No problem. Let me know when you'd like the TSV file updated.
And in table 3, SJAG_04188 and SJAG_02861 appear twice. But the names and products are the same.
fixed
Also added
SJAG_04808
SJAG_04833
SJAG_00025
SJAG_02944
SJAG_02134
SJAG_02134
SJAG_02134
SJAG_01093
SJAG_04836
SJAG_04799
SJAG_02153
SJAG_02676
SJAG_04797
SJAG_04835
SJAG_04807
to table 1
Should I update the TSV file or are you still working on this?
Working on it right now. I'll let you know if I finish- will hopefully finish tonight. It's been a long day but I have so few left I hope I can get to the end.
After that, we can switch. to the config file for edits.
V
OK I finished the updates. I altered tables: japonicus_expanded_families_names_products and japonicus_duplicates
can you check that they parse OK? SJAG_02597 in japonicus_duplicates had no product right now, but I think it might have been due to a space in the systematic ID field. I removed this.
From now on I can move to editing the genes and products file in GitHub. You will need to remind me where this is. Also the new ortholog table.
japonicus_duplicates
There is one inconsistency in that table, same ID but different name:
SJAG_00336 hhf1 histone H4 h4.1
SJAG_00336 hhf2 histone H4 h4.2
fixed to SJAG_03542 | hhf2
it is odd because that is what the site shows currently???
it is odd because that is what the site shows currently???
"SJAG_03542 | hhf2" was in the previous version of the TSV file which is what's currently on the site.
I'm about to start a re-load with the new TSV file.
I'm about to start a re-load with the new TSV file.
That's done now and the site is reloaded. Let me know if you spot any problems.
"SJAG_03542 | hhf2" was in the previous version of the TSV file which is what's currently on the site.

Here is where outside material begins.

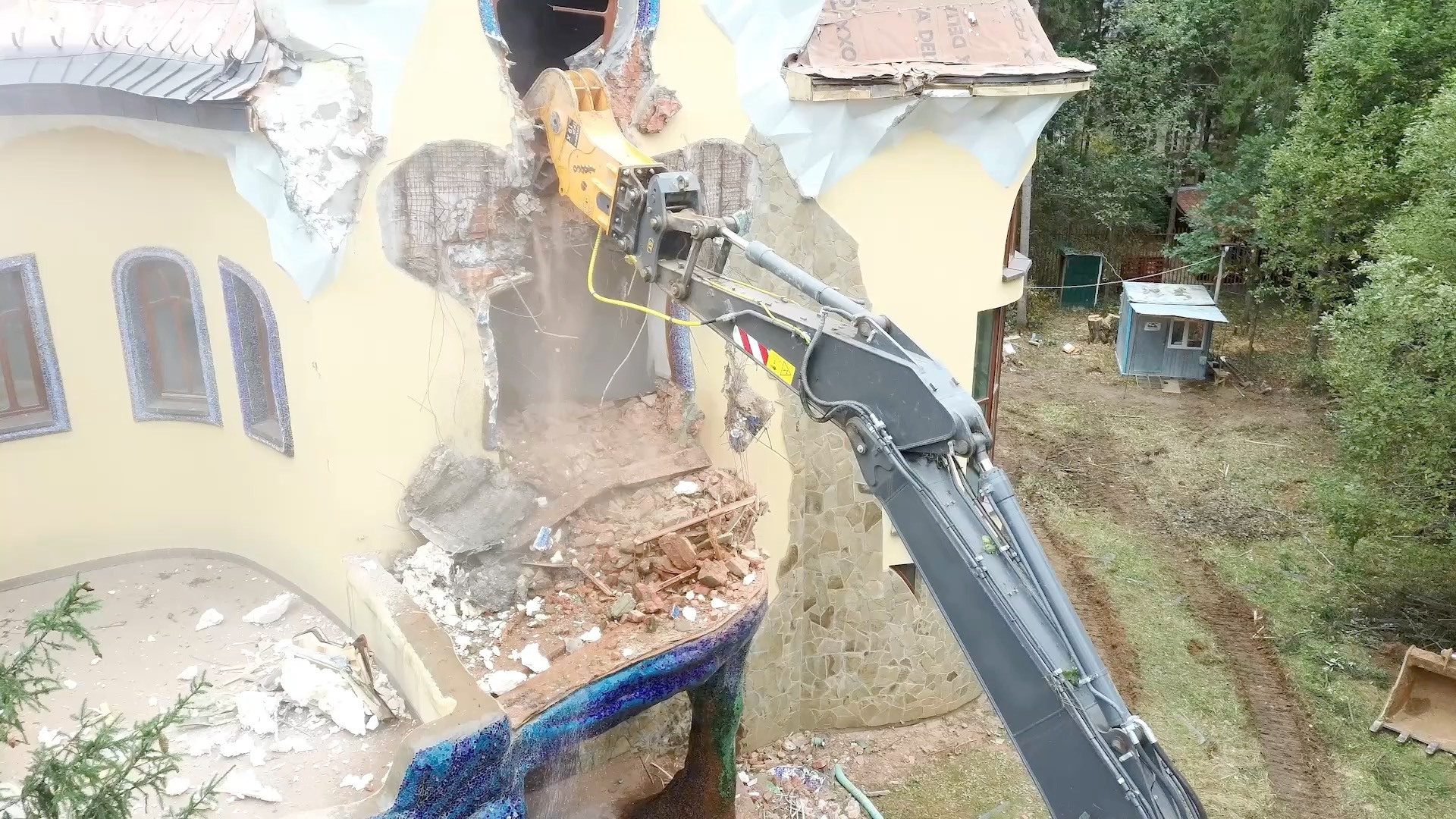 Крымска металлоконструкции рассрочка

Yes, I don't know how that got edited....
Anyway, I checked and it all looks good! Only 230 protein products to assign!
Shall we close this one?
Yes!
I created some files with lists of gene products and gene names:
Table 1.
https://docs.google.com/spreadsheets/d/11i1s-mVk-GxxOFuN0MEunz9Zcb970bNap-yUZ9Jz4ew/edit?usp=sharing
japonicus_expanded_families_names_products This has 5 columns
We can change the format if required, as long as there is an editable table somewhere.